The Who2 Blog

A Quick Take on the Ex-Presidents

What are the four living ex-presidents up to these days?

Bill Clinton left office in 2001 and has spent the last decade globe-trotting and starting programs to help the sick, poor, oppressed and disenfranchised. He’s celebrating his foundation‘s anniversary in a big way, with a big concert. Naturally, Lady Gaga, Kenny Chesney, Usher and Bono are said to be on the bill. He went on David Letterman to talk about it.

(Photo from WENN via CBS)

Jimmy Carter left the White House in January of 1981. He started building houses for poor people, and he still makes the news as he travels the world on behalf of the Jimmy Carter Center. Jimmy Carter is 87 years old, and he’s still working around the clock and around the globe for human rights. Like Clinton, he somehow makes a living helping poor people.

(Photo from WENN) and Michael Eleftheriades)

Carter’s not Bill Clinton, though. Carter’s website features a piece on Dr. Andrew Seidu Korkor, who works in Ghana trying to eradicate the Guinea worm. Dr. Korkor is not an A-list celebrity.
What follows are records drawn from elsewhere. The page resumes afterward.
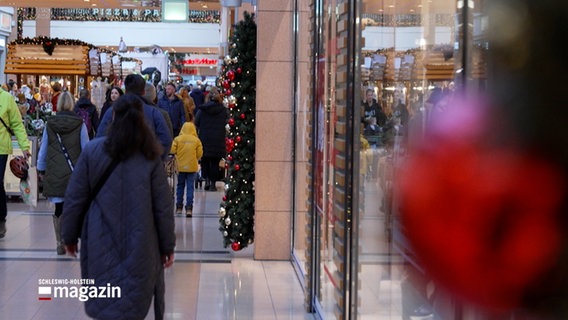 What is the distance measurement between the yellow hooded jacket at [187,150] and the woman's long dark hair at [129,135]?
7.50m

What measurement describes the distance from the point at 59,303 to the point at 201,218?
5538mm

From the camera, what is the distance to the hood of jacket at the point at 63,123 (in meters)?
8.87

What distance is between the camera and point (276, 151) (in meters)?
9.26

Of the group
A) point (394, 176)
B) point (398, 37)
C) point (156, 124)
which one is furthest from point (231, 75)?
point (394, 176)

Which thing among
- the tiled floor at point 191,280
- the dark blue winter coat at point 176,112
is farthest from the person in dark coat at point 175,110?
the tiled floor at point 191,280

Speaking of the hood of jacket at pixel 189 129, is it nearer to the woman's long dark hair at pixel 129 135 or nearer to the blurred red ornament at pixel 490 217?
the woman's long dark hair at pixel 129 135

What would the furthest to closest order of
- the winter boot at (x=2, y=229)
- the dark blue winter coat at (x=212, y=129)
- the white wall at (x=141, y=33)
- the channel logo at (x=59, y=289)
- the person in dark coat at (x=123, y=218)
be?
the white wall at (x=141, y=33) → the dark blue winter coat at (x=212, y=129) → the winter boot at (x=2, y=229) → the channel logo at (x=59, y=289) → the person in dark coat at (x=123, y=218)

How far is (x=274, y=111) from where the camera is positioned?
30.3 feet

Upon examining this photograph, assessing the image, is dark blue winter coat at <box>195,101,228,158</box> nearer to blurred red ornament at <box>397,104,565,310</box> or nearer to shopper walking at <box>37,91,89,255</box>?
shopper walking at <box>37,91,89,255</box>

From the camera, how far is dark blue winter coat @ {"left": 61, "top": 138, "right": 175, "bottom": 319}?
183 inches

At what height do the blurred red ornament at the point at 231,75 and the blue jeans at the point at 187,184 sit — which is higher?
the blurred red ornament at the point at 231,75

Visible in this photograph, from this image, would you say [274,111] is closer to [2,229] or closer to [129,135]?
[2,229]

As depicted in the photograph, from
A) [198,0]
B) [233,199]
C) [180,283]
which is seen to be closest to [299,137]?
[233,199]

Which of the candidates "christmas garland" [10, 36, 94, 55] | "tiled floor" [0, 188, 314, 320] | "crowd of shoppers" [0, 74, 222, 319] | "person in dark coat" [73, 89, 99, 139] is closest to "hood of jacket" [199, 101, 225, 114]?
"person in dark coat" [73, 89, 99, 139] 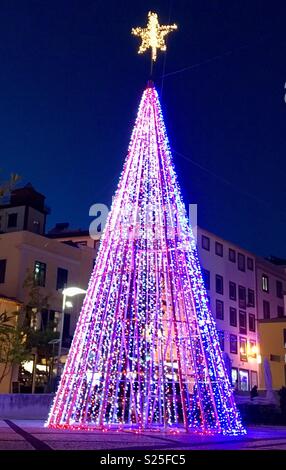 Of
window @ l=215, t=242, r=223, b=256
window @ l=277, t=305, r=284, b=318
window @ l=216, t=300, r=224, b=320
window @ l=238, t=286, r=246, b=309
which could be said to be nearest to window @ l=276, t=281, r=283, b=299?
window @ l=277, t=305, r=284, b=318

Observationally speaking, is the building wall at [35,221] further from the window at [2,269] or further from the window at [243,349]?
the window at [243,349]

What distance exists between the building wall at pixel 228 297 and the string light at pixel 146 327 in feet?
113

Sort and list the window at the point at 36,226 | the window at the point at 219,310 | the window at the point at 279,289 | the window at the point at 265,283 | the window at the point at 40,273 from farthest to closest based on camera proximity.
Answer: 1. the window at the point at 279,289
2. the window at the point at 265,283
3. the window at the point at 219,310
4. the window at the point at 36,226
5. the window at the point at 40,273

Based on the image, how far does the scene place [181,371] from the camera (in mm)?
11789

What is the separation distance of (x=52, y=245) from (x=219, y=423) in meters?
24.4

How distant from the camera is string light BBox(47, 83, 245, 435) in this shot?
1187 cm

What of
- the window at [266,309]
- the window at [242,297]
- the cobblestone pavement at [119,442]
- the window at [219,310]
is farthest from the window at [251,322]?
the cobblestone pavement at [119,442]

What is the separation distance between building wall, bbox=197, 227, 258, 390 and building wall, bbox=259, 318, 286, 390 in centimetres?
576

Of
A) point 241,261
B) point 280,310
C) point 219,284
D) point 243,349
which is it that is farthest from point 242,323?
point 280,310

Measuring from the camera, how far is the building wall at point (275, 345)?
39.0 meters

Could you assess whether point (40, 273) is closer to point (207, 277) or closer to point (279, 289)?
point (207, 277)

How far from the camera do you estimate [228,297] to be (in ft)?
163

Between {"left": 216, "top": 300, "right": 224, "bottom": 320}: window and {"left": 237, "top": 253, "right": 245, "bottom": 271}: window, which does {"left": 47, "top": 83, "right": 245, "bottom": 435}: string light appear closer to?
{"left": 216, "top": 300, "right": 224, "bottom": 320}: window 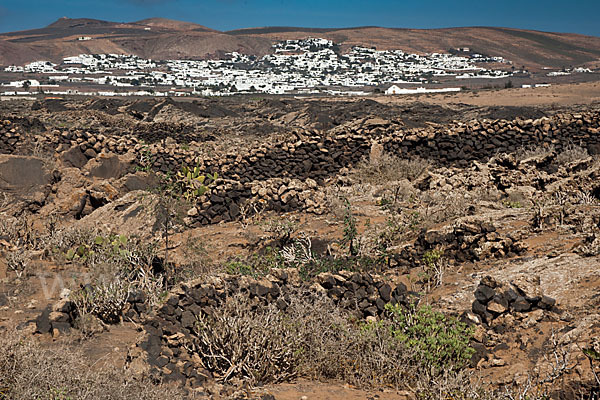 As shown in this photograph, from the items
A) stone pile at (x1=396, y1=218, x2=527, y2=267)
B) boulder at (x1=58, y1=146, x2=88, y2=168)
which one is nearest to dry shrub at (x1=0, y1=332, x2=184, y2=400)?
stone pile at (x1=396, y1=218, x2=527, y2=267)

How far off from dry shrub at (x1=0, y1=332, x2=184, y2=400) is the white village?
67388mm

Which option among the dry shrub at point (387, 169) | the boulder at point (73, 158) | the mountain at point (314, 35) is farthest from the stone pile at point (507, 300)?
the mountain at point (314, 35)

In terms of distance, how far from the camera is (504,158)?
33.6ft

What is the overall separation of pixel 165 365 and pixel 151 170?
8.69m

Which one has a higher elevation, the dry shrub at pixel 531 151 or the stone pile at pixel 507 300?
the dry shrub at pixel 531 151

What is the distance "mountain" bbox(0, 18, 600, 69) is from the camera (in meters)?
Result: 120

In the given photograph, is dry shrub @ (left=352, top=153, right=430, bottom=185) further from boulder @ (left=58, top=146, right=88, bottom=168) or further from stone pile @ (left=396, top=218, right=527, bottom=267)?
boulder @ (left=58, top=146, right=88, bottom=168)

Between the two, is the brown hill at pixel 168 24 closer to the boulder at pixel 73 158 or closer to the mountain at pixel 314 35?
the mountain at pixel 314 35

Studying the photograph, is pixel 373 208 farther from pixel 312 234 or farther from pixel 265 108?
pixel 265 108

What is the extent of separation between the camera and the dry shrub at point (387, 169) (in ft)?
37.5

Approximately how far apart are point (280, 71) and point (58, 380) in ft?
367

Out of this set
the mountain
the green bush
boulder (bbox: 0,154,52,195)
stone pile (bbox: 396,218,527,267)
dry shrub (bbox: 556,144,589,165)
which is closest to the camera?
the green bush

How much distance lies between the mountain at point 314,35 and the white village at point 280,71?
20.0ft

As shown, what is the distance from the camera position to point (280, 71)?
365 feet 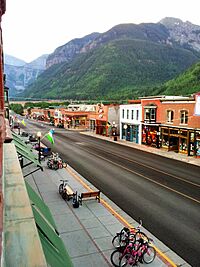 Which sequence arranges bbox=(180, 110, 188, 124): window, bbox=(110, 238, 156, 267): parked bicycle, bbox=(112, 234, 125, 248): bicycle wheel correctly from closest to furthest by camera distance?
bbox=(110, 238, 156, 267): parked bicycle, bbox=(112, 234, 125, 248): bicycle wheel, bbox=(180, 110, 188, 124): window

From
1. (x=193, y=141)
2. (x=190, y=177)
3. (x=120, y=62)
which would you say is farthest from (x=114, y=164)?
(x=120, y=62)

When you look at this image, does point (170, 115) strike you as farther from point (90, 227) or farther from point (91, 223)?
point (90, 227)

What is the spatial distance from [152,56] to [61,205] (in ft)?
572

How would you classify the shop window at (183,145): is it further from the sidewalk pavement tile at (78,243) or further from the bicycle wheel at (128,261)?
the bicycle wheel at (128,261)

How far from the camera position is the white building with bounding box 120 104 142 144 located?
43.2 metres

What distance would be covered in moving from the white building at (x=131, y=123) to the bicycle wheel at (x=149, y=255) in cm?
3356

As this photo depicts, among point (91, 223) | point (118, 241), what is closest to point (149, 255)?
point (118, 241)

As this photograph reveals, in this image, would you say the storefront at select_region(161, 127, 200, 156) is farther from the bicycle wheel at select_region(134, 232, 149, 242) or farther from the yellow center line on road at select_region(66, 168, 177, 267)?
the bicycle wheel at select_region(134, 232, 149, 242)

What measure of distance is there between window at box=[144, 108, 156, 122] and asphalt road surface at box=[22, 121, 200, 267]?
30.5ft

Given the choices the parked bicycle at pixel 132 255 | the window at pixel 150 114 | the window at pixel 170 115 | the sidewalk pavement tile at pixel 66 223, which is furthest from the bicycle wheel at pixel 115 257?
the window at pixel 150 114

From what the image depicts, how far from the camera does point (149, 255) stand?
9.53m

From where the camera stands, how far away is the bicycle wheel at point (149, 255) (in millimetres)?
9430

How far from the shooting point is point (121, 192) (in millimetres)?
17547

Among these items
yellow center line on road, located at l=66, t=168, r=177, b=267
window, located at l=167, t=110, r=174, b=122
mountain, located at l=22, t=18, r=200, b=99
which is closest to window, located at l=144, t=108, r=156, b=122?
window, located at l=167, t=110, r=174, b=122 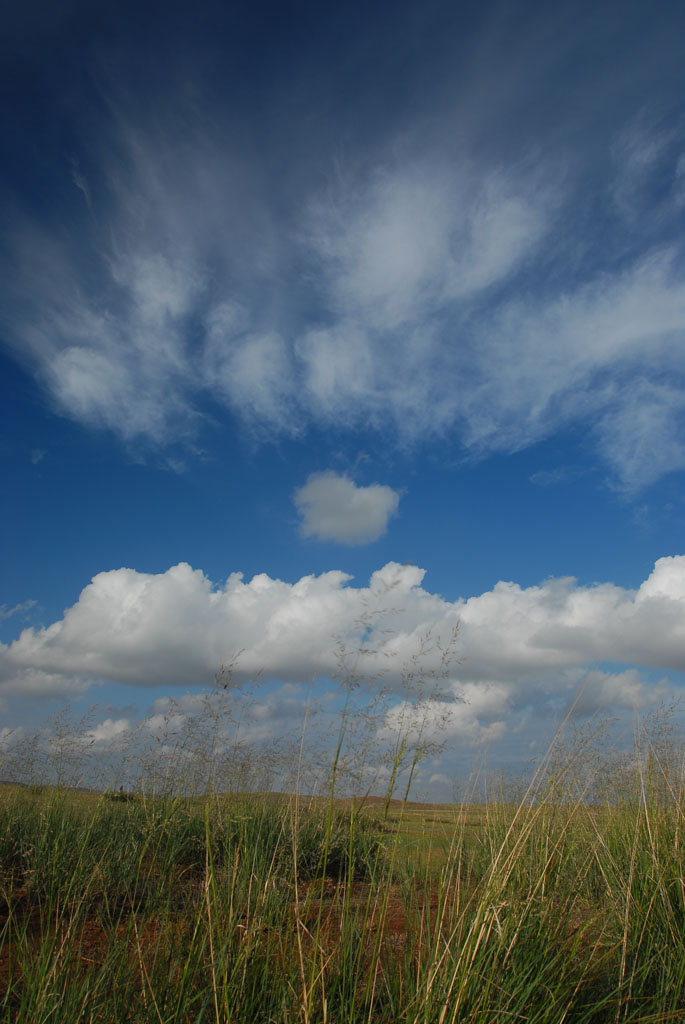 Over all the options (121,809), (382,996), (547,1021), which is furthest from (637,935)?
(121,809)

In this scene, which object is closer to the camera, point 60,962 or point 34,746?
point 60,962

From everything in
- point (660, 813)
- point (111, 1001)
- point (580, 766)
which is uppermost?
point (580, 766)

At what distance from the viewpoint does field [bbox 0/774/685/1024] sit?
2.26m

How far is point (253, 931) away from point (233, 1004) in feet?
0.79

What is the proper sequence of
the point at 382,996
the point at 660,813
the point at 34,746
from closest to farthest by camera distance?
the point at 382,996 → the point at 660,813 → the point at 34,746

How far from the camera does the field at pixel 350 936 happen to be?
2258 millimetres

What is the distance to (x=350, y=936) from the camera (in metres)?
2.40

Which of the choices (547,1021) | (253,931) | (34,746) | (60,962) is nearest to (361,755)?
(253,931)

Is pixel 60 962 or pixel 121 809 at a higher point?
pixel 121 809

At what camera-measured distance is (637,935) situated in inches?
129

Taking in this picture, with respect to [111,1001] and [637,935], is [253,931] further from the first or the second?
[637,935]

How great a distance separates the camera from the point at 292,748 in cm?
612

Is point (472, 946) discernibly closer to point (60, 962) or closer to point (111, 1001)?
point (111, 1001)

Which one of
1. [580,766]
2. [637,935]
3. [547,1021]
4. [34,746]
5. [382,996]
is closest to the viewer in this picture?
[547,1021] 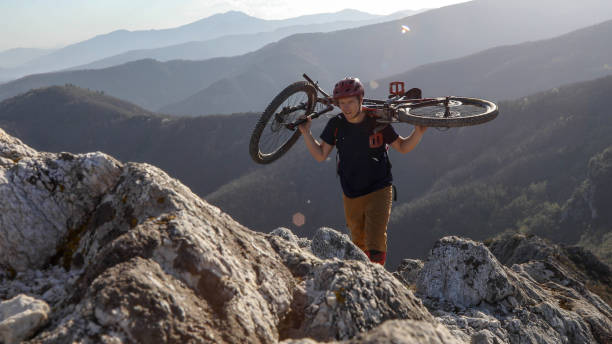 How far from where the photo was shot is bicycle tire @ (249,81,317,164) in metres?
9.06

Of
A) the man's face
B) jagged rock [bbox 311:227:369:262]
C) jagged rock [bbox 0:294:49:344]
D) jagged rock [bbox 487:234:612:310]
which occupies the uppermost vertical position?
the man's face

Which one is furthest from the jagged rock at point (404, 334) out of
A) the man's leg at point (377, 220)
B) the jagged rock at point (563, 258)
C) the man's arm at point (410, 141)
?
the jagged rock at point (563, 258)

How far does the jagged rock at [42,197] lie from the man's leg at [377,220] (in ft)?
13.4

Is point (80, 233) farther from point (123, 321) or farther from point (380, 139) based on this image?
point (380, 139)

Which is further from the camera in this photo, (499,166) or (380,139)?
(499,166)

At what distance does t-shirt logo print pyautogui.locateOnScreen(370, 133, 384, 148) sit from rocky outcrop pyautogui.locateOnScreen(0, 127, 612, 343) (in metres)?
2.56

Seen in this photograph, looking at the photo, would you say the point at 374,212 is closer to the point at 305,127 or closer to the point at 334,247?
the point at 334,247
George Herbert Walker Bush left office in 1993. The George Bush Presidential Library and Museum opened in 1997 at Texas A&M University. Bush, like Carter, is 87 years old. Unlike Carter, Bush is retired. Just plain retired. He and First Lady Barbara live in Texas, but spend the summers in Maine, where George admires golden retrievers from his wheelchair. He made the news last year when he accidentally beached his speedboat.

(Screen capture by Mr. Hehn)

His son, George W. Bush, left office in 2009. Like his dad, his focus has been on retirement. A $300 million presidential library is scheduled to be opened in 2013 at Southern Methodist University in Texas. It will feature a twisted hunk of one of the buildings destroyed on 9/11 (of 2001) as an un-ironic part of his legacy. Since he left office, Bush has written a book and been on the lecture circuit (he recently raised $1 million for a private Christian college in Alabama). He’s also “using mountain biking and golf to stay connected with the military.” He sometimes bikes or plays golf with disabled veterans of the wars he started while in the White House. Again, without a trace of irony.